600 Delegierte plus 45 Vorstandsmitglieder entscheiden, ob die Partei in förmliche Koalitionsverhandlungen mit der Union einsteigt. Das Treffen ist auf fünf Stunden angesetzt: Rede des Vorsitzenden Martin Schulz, Debatte. Dann folgt die Abstimmungen über die Vorstandsempfehlung, GroKo-Verhandlungen aufzunehmen, und einen Gegenantrag des Berliner Landesverbandes, genau das nicht zu tun. Da die Delegierten alle ihre Rückfahrten gebucht haben, dürfte es keine gravierenden Verzögerungen geben. Angela Merkel und ganz Deutschland warten auf die Entscheidung. Das Ende der unendlichen Geschichte um die Bildung einer neuen Bundesregierung wäre freilich auch das noch nicht. Über das Ergebnis von Koalitionsverhandlungen müssten nämlich am Ende noch einmal alle SPD-Mitglieder per Urabstimmung entscheiden. 2013 stimmten nach ebenfalls kontroverser Debatte 75 Prozent der Mitglieder dafür.

Das Pro-Lager hat sich diesmal erst mit Verzögerung formiert. Die Parteizentrale zeigte sich erstaunlich schlecht auf eine innerparteiliche Überzeugungskampagne vorbereitet. Argumentationshilfen, die die positiven Seiten des Sondierungsergebnisses betonen, sind erst seit wenigen Tagen auf der Website zu lesen; Schulz hatte sie bei der ersten Pressekonferenz nach den Sondierungen nicht parat. Dafür irritierte er viele Genossen mit der Andeutung, dass seine Absage an einen Ministerposten unter Angela Merkel nicht das letzte Wort gewesen sein müsse. In der SPD-Bundestagsfraktion wurde von einem „Kommunikationsdesaster“ gesprochen.

Die Gegner, angeführt von Juso-Chef Kevin Kühnert und anderen Parteilinken, waren hingegen sofort präsent, auch medial. Ihnen half, dass die ersten Entscheidungen von Parteigremien in Sachsen-Anhalt, Berlin, Thüringen und Dortmund gegen eine neue GroKo liefen. Anfang der Woche drohte gar eine regelrechte Anti-GroKo-Dynamik. Dazu trugen auch Aussagen von stellvertretenden Parteivorsitzenden bei, die Nachverhandlungen in wichtigen Punkten wie der Bürgerversicherung forderten — und so den Eindruck verstärkten, die SPD habe nicht genug erreicht.

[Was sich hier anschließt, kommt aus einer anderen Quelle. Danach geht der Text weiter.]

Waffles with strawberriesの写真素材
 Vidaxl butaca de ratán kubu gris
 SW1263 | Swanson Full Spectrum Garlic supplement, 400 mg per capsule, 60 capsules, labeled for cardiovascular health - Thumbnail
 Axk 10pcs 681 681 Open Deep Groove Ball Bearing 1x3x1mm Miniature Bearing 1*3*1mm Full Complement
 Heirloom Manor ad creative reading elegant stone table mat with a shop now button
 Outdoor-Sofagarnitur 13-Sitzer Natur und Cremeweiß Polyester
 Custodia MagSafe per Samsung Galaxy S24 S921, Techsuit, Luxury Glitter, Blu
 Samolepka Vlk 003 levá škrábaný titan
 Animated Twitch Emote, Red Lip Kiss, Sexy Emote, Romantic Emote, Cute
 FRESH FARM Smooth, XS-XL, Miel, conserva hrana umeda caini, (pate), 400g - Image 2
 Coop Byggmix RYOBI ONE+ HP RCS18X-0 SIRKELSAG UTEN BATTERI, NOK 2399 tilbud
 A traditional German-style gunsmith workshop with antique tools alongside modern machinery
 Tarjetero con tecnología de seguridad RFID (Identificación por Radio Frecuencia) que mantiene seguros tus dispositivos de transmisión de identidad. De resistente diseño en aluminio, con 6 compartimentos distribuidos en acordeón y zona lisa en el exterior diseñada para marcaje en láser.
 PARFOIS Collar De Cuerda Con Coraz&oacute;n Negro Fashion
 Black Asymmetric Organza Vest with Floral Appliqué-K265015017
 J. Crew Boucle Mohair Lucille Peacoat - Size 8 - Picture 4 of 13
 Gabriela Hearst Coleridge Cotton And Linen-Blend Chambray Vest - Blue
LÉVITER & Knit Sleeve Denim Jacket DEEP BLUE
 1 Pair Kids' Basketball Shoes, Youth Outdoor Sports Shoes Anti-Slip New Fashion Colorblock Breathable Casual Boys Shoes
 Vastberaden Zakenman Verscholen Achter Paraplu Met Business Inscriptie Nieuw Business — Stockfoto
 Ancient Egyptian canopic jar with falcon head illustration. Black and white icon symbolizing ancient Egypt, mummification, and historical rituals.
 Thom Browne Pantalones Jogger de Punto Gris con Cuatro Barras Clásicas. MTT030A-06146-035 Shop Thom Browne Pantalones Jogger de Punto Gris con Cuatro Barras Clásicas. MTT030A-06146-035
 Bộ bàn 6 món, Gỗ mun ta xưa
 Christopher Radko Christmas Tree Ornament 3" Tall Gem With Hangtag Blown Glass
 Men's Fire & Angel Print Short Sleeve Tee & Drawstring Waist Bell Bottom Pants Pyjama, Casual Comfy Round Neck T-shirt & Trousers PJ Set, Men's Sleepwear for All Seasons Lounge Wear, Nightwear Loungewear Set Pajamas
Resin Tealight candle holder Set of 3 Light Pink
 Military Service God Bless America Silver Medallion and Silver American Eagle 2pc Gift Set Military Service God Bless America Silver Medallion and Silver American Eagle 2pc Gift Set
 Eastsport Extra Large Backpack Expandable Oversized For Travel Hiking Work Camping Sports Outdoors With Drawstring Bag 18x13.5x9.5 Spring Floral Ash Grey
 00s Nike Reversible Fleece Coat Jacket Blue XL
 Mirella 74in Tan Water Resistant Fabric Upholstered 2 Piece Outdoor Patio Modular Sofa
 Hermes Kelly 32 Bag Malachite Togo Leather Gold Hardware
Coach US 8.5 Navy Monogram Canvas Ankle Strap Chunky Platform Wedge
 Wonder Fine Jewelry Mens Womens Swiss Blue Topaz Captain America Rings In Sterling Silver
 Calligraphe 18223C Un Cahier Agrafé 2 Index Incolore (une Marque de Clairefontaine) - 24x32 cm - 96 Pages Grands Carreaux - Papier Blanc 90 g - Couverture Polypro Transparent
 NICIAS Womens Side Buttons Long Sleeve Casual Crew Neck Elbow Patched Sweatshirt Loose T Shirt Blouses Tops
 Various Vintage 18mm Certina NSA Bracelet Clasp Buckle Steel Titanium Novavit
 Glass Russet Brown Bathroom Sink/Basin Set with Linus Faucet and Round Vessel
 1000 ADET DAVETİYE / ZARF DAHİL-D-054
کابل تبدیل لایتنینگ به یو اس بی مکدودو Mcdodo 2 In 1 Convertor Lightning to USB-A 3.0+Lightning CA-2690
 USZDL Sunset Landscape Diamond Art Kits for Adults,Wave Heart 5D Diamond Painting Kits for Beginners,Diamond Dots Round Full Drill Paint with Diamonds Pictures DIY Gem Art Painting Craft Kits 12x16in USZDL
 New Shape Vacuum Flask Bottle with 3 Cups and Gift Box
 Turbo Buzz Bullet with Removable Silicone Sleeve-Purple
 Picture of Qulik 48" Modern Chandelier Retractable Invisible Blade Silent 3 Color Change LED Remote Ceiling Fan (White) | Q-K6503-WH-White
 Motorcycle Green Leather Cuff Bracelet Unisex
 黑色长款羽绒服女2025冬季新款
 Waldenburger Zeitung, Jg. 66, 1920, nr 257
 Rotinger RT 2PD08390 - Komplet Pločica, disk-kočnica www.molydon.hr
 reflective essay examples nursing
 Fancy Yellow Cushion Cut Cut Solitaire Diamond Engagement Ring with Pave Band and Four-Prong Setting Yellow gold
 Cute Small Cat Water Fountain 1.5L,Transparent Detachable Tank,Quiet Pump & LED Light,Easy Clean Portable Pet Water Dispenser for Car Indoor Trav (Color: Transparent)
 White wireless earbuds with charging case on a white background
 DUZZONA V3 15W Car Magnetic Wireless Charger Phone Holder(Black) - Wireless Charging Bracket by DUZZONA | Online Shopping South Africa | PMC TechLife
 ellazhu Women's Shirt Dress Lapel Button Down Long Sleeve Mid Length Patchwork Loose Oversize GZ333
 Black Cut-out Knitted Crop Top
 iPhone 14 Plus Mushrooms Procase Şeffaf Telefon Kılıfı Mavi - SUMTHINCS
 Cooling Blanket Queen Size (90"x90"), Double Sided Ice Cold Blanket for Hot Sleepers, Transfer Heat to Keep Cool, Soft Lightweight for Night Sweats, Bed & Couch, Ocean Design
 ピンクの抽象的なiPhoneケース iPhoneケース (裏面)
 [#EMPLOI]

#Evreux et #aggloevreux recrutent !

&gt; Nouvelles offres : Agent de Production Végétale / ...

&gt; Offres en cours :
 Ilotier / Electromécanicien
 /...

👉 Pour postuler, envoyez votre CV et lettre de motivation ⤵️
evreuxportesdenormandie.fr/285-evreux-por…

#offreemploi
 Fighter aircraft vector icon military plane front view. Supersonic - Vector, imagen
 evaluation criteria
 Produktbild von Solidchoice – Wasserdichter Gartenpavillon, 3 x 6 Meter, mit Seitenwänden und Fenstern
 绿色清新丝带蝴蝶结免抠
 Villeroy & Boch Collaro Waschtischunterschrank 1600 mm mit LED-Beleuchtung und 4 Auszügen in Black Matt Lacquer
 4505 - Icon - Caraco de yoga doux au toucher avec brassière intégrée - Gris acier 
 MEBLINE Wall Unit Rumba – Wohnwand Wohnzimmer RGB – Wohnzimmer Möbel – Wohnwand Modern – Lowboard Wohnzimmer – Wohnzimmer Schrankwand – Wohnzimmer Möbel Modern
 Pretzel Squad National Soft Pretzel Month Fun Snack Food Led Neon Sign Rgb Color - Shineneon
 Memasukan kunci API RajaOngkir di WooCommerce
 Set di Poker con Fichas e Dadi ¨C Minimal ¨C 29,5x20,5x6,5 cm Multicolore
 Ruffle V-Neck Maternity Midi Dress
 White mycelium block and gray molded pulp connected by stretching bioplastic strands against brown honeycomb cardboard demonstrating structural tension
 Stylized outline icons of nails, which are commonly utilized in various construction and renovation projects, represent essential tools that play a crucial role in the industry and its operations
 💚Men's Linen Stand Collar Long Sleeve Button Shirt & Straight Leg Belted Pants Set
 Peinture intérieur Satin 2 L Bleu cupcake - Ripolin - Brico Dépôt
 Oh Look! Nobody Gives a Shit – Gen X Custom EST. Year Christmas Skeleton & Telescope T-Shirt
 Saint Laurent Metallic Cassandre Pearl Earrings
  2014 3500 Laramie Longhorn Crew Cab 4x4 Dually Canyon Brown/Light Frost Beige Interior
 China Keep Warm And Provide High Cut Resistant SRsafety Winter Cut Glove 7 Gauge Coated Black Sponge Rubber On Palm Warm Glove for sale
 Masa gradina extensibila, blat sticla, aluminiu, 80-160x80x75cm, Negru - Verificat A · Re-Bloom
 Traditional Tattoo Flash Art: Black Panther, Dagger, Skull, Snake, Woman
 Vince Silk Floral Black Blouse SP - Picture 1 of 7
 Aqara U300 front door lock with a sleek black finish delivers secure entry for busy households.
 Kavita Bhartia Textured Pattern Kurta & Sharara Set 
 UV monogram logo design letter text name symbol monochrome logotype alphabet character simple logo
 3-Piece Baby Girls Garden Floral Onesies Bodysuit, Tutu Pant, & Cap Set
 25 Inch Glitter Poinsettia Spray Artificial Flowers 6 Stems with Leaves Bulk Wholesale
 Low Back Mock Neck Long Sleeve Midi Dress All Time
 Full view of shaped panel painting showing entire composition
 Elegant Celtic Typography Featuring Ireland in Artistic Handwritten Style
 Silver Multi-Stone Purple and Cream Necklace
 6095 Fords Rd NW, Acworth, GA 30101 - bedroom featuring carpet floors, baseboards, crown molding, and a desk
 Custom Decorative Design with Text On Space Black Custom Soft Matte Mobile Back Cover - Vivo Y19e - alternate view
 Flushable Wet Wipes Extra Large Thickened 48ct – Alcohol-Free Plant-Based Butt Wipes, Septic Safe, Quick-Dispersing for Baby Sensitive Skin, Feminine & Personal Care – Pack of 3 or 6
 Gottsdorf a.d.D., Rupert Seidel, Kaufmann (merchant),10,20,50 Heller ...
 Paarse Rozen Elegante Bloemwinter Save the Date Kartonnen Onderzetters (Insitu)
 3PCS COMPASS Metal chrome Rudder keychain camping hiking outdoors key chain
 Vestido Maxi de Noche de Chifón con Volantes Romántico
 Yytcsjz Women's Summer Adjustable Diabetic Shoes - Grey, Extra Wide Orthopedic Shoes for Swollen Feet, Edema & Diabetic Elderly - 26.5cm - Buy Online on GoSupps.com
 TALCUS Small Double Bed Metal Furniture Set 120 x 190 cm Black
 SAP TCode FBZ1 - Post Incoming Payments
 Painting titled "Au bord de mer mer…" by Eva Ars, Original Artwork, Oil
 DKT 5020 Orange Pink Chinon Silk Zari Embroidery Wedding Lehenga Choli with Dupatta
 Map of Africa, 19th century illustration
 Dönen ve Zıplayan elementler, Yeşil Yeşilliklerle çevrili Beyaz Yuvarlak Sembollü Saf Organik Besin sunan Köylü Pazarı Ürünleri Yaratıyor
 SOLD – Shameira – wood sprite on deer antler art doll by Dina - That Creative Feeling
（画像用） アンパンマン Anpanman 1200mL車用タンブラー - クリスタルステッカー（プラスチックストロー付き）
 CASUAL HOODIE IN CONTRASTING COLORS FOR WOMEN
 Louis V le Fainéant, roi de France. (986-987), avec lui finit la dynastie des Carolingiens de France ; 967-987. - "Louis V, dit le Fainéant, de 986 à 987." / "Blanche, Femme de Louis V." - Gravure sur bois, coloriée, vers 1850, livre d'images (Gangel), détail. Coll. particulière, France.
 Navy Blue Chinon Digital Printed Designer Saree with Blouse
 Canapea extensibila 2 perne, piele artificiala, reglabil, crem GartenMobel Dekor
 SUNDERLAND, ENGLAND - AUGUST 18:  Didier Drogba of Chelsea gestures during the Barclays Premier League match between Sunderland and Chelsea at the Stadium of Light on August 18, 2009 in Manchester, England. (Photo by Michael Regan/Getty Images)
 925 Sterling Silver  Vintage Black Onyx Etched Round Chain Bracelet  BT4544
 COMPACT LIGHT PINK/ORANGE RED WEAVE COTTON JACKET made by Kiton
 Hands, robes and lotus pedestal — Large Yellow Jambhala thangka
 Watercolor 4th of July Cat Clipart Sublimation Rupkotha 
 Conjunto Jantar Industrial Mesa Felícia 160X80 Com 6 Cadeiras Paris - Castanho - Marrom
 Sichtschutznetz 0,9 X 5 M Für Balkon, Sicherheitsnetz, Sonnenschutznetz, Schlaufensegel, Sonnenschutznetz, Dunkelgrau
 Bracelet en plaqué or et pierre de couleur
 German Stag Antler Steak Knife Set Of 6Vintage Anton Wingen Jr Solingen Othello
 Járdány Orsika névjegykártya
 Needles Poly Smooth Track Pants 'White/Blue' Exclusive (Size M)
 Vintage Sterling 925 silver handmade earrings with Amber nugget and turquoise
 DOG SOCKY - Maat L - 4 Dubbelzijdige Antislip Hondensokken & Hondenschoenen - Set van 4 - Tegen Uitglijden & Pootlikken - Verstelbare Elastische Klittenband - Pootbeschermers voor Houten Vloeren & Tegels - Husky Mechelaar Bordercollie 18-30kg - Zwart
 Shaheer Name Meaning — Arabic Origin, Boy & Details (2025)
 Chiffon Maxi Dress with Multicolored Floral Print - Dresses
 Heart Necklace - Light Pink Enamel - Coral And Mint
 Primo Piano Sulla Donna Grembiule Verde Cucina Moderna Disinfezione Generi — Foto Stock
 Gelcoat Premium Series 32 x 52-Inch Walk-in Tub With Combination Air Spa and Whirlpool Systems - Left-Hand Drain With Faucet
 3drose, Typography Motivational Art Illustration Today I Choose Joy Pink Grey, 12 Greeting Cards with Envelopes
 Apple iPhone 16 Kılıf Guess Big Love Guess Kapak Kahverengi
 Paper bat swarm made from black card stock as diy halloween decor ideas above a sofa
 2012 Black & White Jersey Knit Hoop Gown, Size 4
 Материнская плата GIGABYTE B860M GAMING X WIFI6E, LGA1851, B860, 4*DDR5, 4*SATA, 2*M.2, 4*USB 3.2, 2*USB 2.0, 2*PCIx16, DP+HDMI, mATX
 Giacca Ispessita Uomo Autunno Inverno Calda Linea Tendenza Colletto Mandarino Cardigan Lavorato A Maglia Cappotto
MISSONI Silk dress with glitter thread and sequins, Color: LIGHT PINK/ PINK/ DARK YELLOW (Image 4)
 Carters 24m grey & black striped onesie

Doch seit einigen Tagen dreht sich die Stimmung wieder. Die 60 Abgeordneten der „Parlamentarischen Linken“ votierten überraschend mit großer Mehrheit für die Aufnahme von Koalitionsverhandlungen. Man dürfe der Basis die letzte Entscheidung nicht abnehmen, so das Argument des Sprechers der Gruppe, Matthias Miersch. Zwölf Großstadtbürgermeister der SPD meldeten sich öffentlich: „Die mit einer Regierungsbeteiligung verbundene Möglichkeit sozialdemokratische Politik für die Menschen zu gestalten, darf nicht ausgeschlagen werden“. Auch die Gewerkschaften und SPD-Altvordere wie Kurt Beck, Hans Eichel oder Erhard Eppler griffen zugunsten von GroKo-Verhandlungen in die Debatte ein. Ex-Parteichef Franz Müntefering warnte erst am Freitag vor einem „bitteren Eintrag“ in das Geschichtsbuch der SPD, den ein Nein bedeute.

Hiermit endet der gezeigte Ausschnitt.